My internship with Development Gateway (DG) in Washington D.C. is off to a great start. First of all, I love this city. As an international development professional and a news/politics junkie it feels great to be at the heart of the action. I am living in an apartment in Georgetown with three other LBJ students. Savin and Anustubh work with me at DG and Jessica Tibbets works at the State Department. Our apartment is one block off M Street and 100 meters from the Potomac River. Morning runs along the riverside trails and evening picnics in the riverside park have already begun. My first day at work was 31 May and that evening the Washington Area LBJ Alumni Chapter coordinated a happy hour that was a big hit and a great way to kick off my summer here.
Development Gateway is in the middle of the downtown D.C. scene. We are across the street from the IMF and the World Bank, so we go over to their cafeteria to eat lunch. If I ever see Robert Zoellick there I will pull up a seat next to him and then I will really have something to blog about. The work I am doing for DG is geocoding all of the donor aid that is being given to the country of Malawi, Africa. It is one of the first projects of its kind and when it is successful, other countries will hopefully want to do the same. Basically, the government of Malawi provided documentation related to every project that uses donor funding. There are 33 donors and hundreds of projects across all sectors – health, education, economic development, infrastructure, agriculture and governance. I read through the project documents, identify where the money is being spent (cities, villages, districts, etc.) and capture that information so that the project can be mapped using GIS (Geographic Information System).
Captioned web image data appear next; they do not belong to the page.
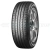 205/50 R17 Yokohama BluEarth-GT AE51 93W 205/50 R17 Yokohama BluEarth-GT AE51 93W
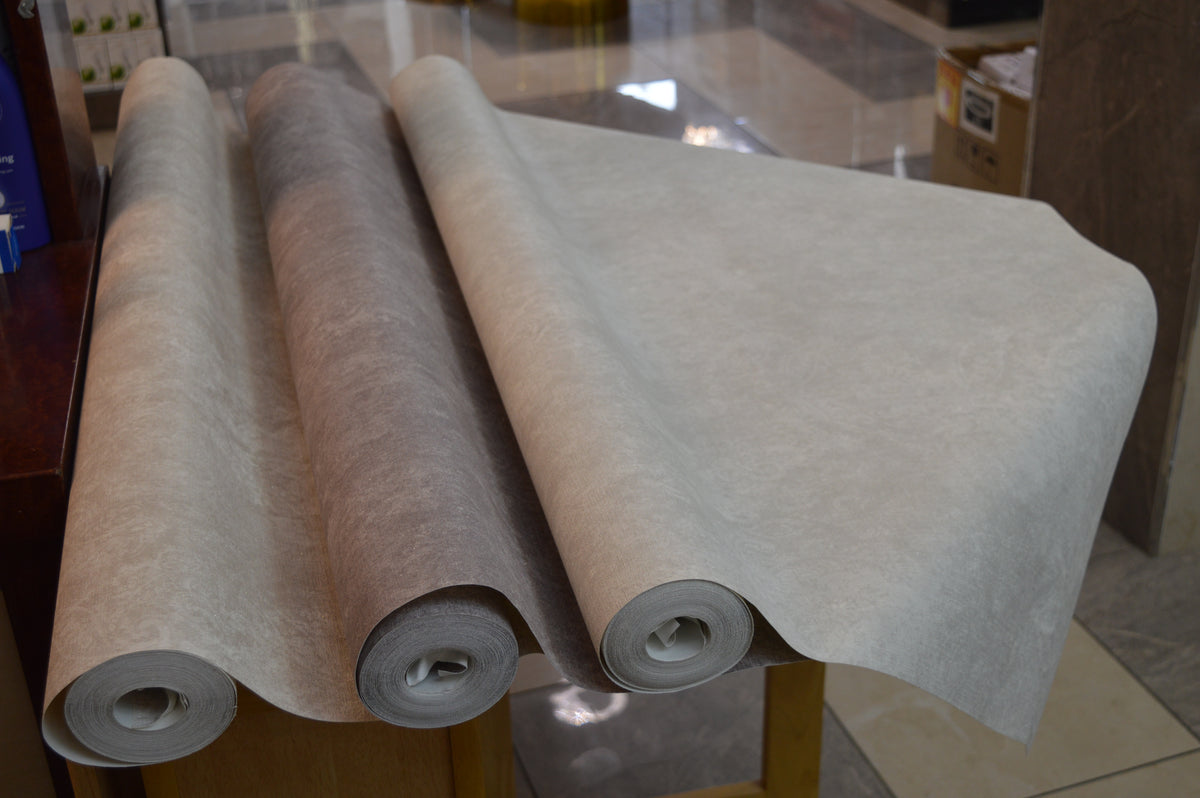 Lucca Fon Secret Palace Wallpapers- DK.21652-2, 3 & 4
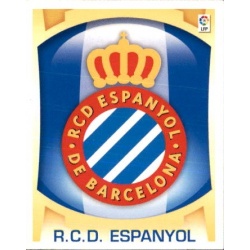 Escudo Espanyol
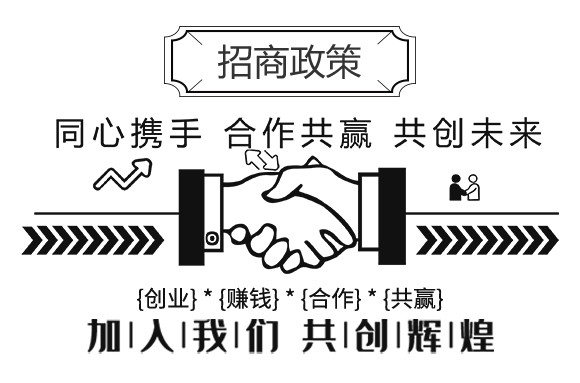 ��ɫ�к������Q(m��o)(����)���޹�˾2_04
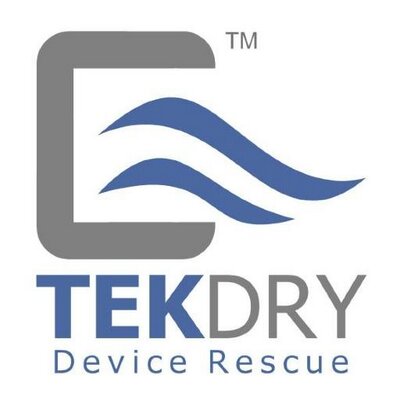 TekDry International, Inc.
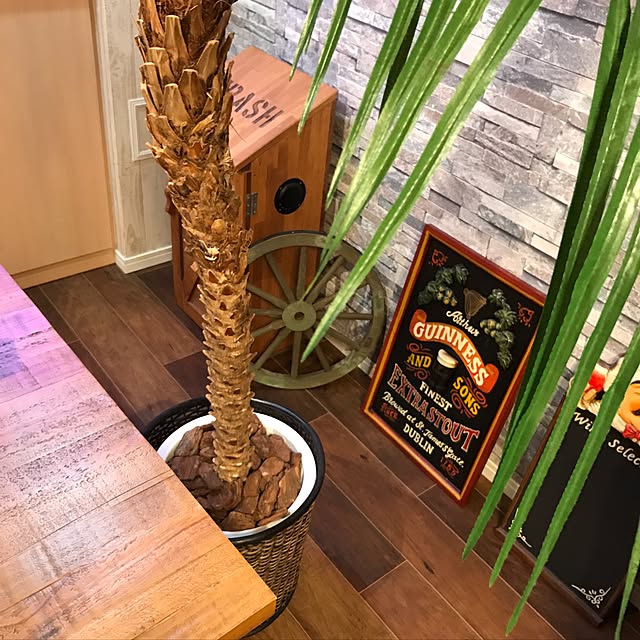 GTOtsuka130さんの実例写真
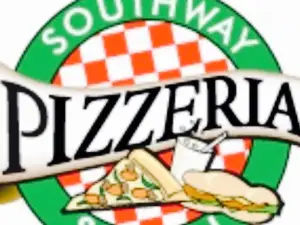 Southway Pizzeria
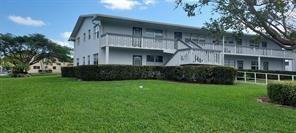 86 Westbury 86, Deerfield Beach, Florida 33442, USA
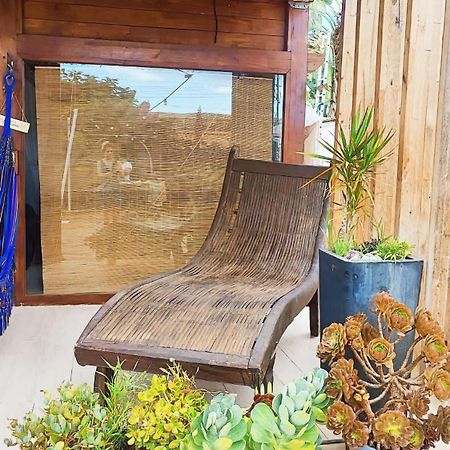 Beautiful Chalet With Wifi And Free Parking Arona  Kültér fotó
A similar effort was made last year and resulted in the World Bank’s “Mapping for Results” platform - For this effort, the team mapped every project in the world that the World Bank funded. Our current work will produce similar output, but for every donor and every project in Malawi. Many groups benefit from the work we are doing. Donors are better able to assess the needs of Malawi and guide funds to areas that are underserved. The government of Malawi will be able to identify gaps in donor-funded services and respond accordingly. But most importantly, the people of Malawi will benefit by getting the right services where they are needed the most. I am very much looking forward to all of the work and play I will doing in D.C. this summer!